Il n’empêche que j’ai été séduit par ce très beau texte, une lente méditation à deux voix musulmanes sur l’art de gouverner, le déclin des empires et de leurs civilisations : entre le conquérant asiatique Tamerlan et l’Africain philosophe de l’histoire Ibn Khaldoun – il était d’origine tunisienne – durant le siège de Damas, en 1401. Ibn Khaldoun est supposé envoyé en ambassade auprès de Tamerlan pour tenter, en négociant une reddition, d’éviter la destruction de Damas, ce haut lieu musulman, ancienne capitale des Omeyyades.
On pouvait craindre qu’un tel sujet fût un peu trop “ statique ” pour faire du bon théâtre.
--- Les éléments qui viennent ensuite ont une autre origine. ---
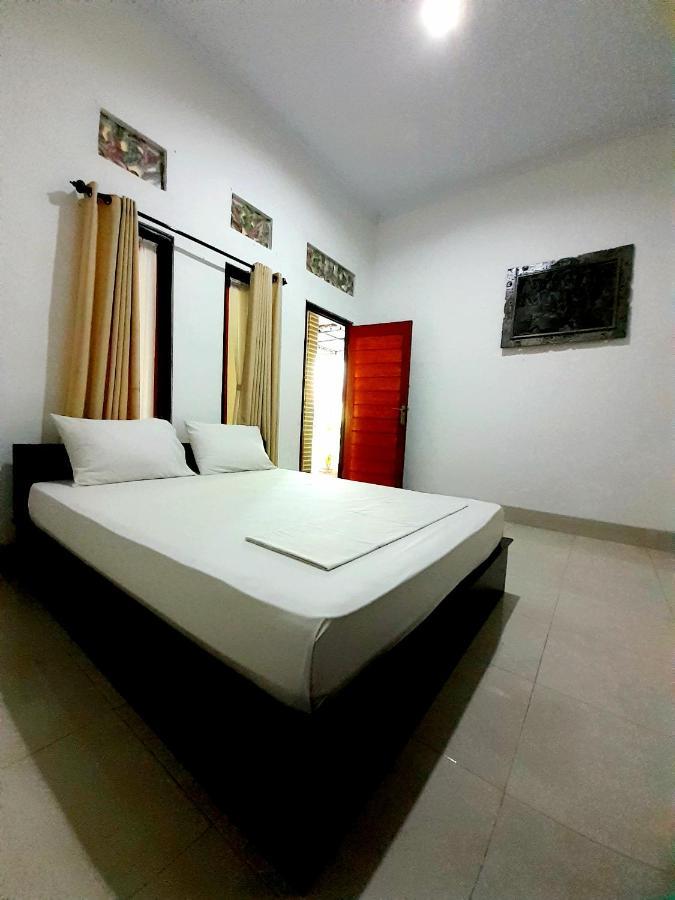 Nova Homestay Toyapakeh Bagian luar foto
Timothée Roux a fort habilement, et avec une grande sûreté d’instinct, tourné la difficulté en mettant ce qu’il faut de suspens pour maintenir la tension : Ibn Khaldoun réussira-t-il à convaincre son interlocuteur, ou Damas brûlera-t-elle ?
Je pense donc que nous avons cet automne l’occasion de voir là un spectacle de haute tenue littéraire et peutêtre ainsi la chance d’assister à la naissance d’un nouveau talent dramatique. Il ne faut pas laisser passer cela.